Decided On August 21, 1990
INDIA CEMENT LIMITED Appellant
V/S
UNION OF INDIA Respondents

JUDGEMENT

(1.) Both these appeals are against the common judgment of the Madras High Court (hereinafter referred to as 'the High Court') by a certificate under Art. 133(1) of the Constitution prior to its amendment. The appellants 'writ petitions were dismissed by a commonjudgment dated 18-12-1969 by a learned single Judge of the High Court and thereafter, the writ appeals were dismissed by a Division Bench of the High Court on 23-4-1971. The grievance of the appellants before us is, as it was in the High Court, against the fixation of a uniform retention price in 1969 to be paid to all producers for the cement produced by them and acquired by the State Trading Corporation. In short, the appellants' rievance is that the fixation of a uniform retention price for all producers in 1969 instead of three different retention prices for different categories of producers, as was done earlier, amounted to discrimination contravening Art. 14 of the Constitution.

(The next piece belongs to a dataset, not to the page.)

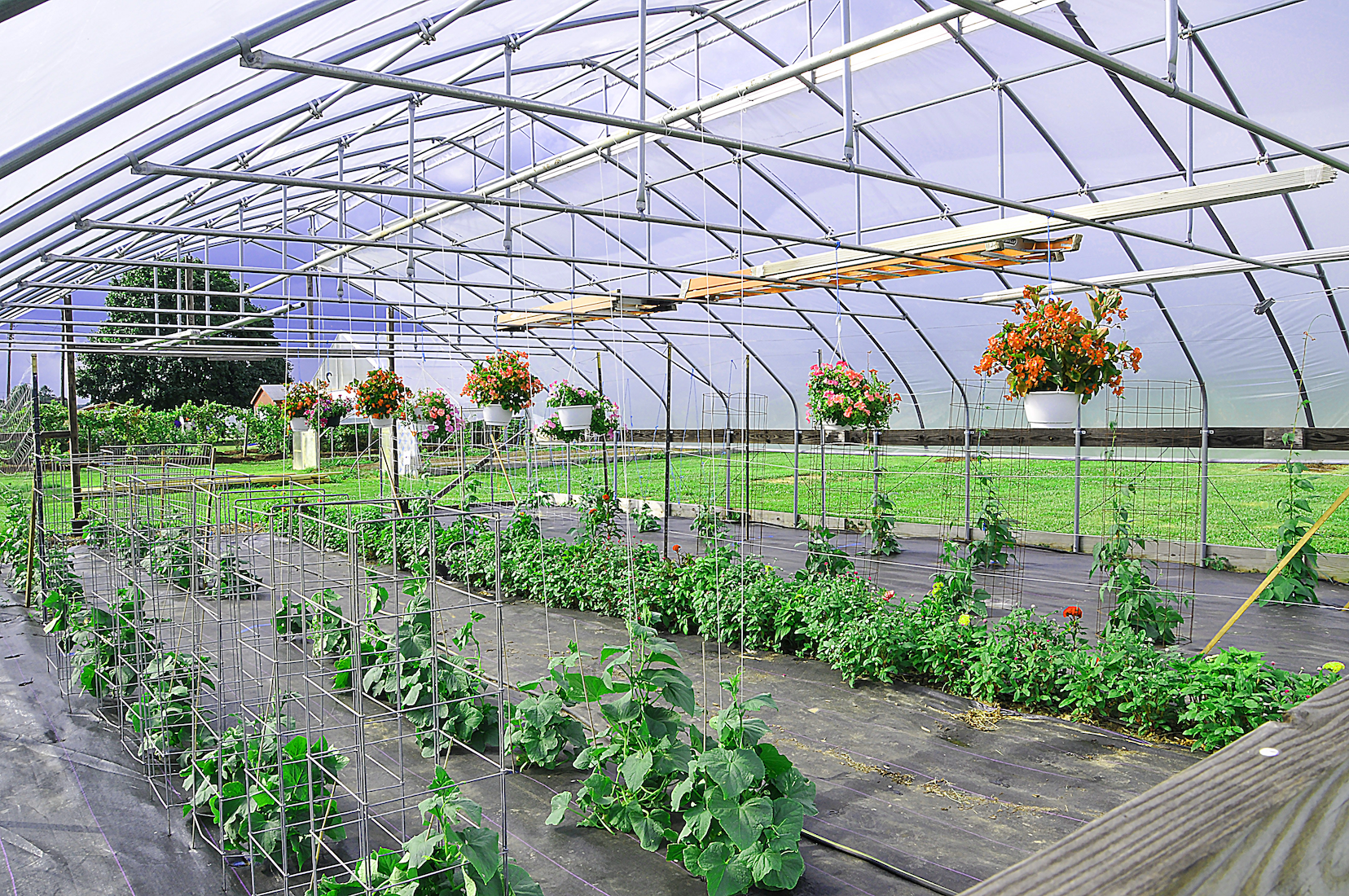 High tunnels, like this one at DSU's Outreach and Research Center, help agriculture producers apply precise treatments to and extend the growing season for crops. Artificial intelligence further optimizes crop growth by providing farmers with real-time data for planning purposes.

(2.) The background in which the argument of discrimination has to be tested may now be stated. Cement has been a controlled commodity for a long time and its production, distribution and price were regulated by Cement Control Orders issued by the Central Government from time to time in exercise of the powers conferred under the Industries (Development and Regulation) Act, 1951. The arrangement made in 1956 was that the entire quantity of cement produced by all producers was acquired by the State Trading Corporation which distributed in throughout the country at a uniform price on f.o.r. basis. The price payable by the State Trading Corporation to the producer was, however, the 'retention price' or 'ex-works' or 'ex-factory price' fixed by the Government. In accordance with the recommendations of the First Tariff Commission in 1958, the Central Government fixed f.o.r. and ex-factory prices for a period of three years from July 1958, under the Cement Order, 1958. Even though the consumer price was one uniform f.o.r. destination price, there were different retention prices for cement relating to the producers. In case of a new unit commencing production, the Government fixed suitable retention price for it on the basis of cost of production.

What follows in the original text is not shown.